╭──

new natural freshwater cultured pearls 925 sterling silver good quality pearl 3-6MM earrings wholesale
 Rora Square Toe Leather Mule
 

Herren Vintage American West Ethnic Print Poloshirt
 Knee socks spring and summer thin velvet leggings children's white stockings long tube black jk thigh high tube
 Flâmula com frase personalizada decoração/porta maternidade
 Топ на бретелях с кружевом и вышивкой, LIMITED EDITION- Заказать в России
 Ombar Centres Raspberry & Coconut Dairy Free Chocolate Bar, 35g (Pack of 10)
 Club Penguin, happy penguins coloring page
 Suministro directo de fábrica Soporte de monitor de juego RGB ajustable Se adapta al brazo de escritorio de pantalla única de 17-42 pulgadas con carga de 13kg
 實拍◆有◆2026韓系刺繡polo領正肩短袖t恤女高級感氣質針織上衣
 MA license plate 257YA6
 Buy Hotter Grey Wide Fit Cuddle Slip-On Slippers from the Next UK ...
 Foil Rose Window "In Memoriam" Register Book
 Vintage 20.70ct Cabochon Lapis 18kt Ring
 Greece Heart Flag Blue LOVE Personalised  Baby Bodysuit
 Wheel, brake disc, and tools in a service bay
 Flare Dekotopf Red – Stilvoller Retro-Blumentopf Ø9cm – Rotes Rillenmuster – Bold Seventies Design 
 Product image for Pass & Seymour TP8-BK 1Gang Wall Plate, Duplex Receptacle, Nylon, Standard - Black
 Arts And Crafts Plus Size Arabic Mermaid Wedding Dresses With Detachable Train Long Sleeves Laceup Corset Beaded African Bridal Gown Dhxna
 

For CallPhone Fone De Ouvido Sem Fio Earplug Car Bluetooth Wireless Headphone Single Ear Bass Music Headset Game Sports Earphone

╰──

**Work request:**
Could you copy every line from the records that has "Vintage" in it?

**Final answer:**
Herren Vintage American West Ethnic Print Poloshirt
 Vintage 20.70ct Cabochon Lapis 18kt Ring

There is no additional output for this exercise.